One of these three regulars is the self-elected curator of the club: Stanhope-raised 68-year-old knockabout Gary Clark.
Clarky, as he is affectionately known, was invited to Pooncarie nearly 20 years ago on a fishing trip and hasn’t left the tiny town of about 70 residents since.
With not a blade of green grass to be spotted anywhere on the course at the moment apart from the tiny rounded watered putting greens, Clarky is first to admit conquering the course can be a real challenge.
While it’s tough enough trying to master the grassless fairways, removing generous amounts of kangaroo and goat/sheep droppings left by these ravenous creatures seeking a green pick in the current drought conditions also has its challenges and can test even the best and most resilient of outback golfers.

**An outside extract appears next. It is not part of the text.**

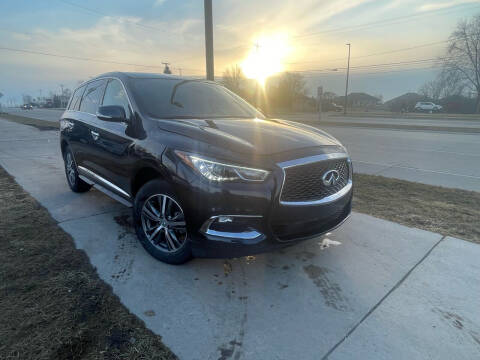 2020 Infiniti QX60 for sale at Wyss Auto in Oak Creek WI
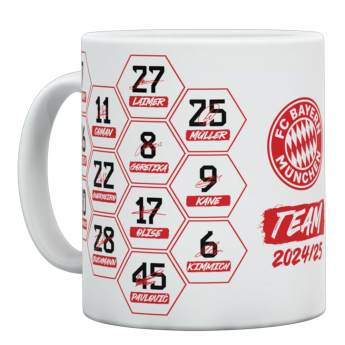 Bayern Mníchov hrnček Signature 2024/25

The other sizeable hazard at the moment for Clarky is sharing the weekly round of golf with his good mate — and Pooncarie identity from way back — former shearer Mark ‘Rivo’ Rivett.
The burly Rivo has been known to down two cans of beer per hole ... for all of the nine holes.
And that’s even when he is hitting the ball deadly straight — so the tally could be even more daunting if he is not on his game.
So, trying to keep pace with him to prevent dehydration setting in can have a decidedly disastrous impact on your final score — that’s if you’ve somehow miraculously managed to complete the nine holes.
Chatting about how he landed the job 15 years ago, Clarky said no self-indulgent appraisals of his credentials for the job were needed.
‘‘I just took over from the last bloke who did it 15 years ago. I don’t think I even got asked.
There certainly wasn’t a big queue for it, I can tell you that,’’ Clarky said with a laugh.
Clarky also points out it’s not the highest paid job in town.
You get zilch, actually.
‘‘It’s just part of giving something back to the community you live in and love,’’ Clarky said.
Because it just too hot to play in the summer months, the club is strictly a cooler weather club — but a gradual decline in membership in recent years has resulted in the club reluctantly scrapping its annual tournaments.
In the club’s boom times in the early 2000s these tournaments could attract up to 80 players from as far as Mildura 130km to the south, and from Mendindee 140km to the north — and everywhere in between.
‘‘It would be nice if we could get enough interest to get those days back again, but the way things are going in other sports as well it is probably very doubtful now,’’ Clarky said with more than a hint of disappointment.
A Vietnam veteran, Clarky is so in love with life in this outback town he has even booked a burial plot at the town’s historic cemetery for when the time comes.
Some friends are surprised this inevitable event has not already eventuated, given Clarky’s penchant for what could only be described as a hectic social life.
Clarky’s home rather conveniently backs onto the historic Pooncarie pub.
If he is not socialising there or entertaining a few mates at his neatly kept home — a shanked golf shot away — you can catch him this time of the year manicuring the small oval grass greens that stand out like a beacon on the grey river flats left when the golf course was carved out of thick bushland along the Darling River in the early 1990s.
But with all its hazards, Clarky still reckons being curator of the Pooncarie Golf Club is still an ace job.